• The task
Set down the data again in full, keeping every line exactly as it is.

• Source material
● ● ● ● ● ● ●
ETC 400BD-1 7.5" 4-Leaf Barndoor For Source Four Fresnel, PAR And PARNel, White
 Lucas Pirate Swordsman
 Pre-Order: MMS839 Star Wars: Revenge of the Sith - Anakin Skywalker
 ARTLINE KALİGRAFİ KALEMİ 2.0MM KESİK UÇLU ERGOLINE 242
● ● ● ● ● ● ●
• Answer section
ETC 400BD-1 7.5" 4-Leaf Barndoor For Source Four Fresnel, PAR And PARNel, White
 Lucas Pirate Swordsman
 Pre-Order: MMS839 Star Wars: Revenge of the Sith - Anakin Skywalker
 ARTLINE KALİGRAFİ KALEMİ 2.0MM KESİK UÇLU ERGOLINE 242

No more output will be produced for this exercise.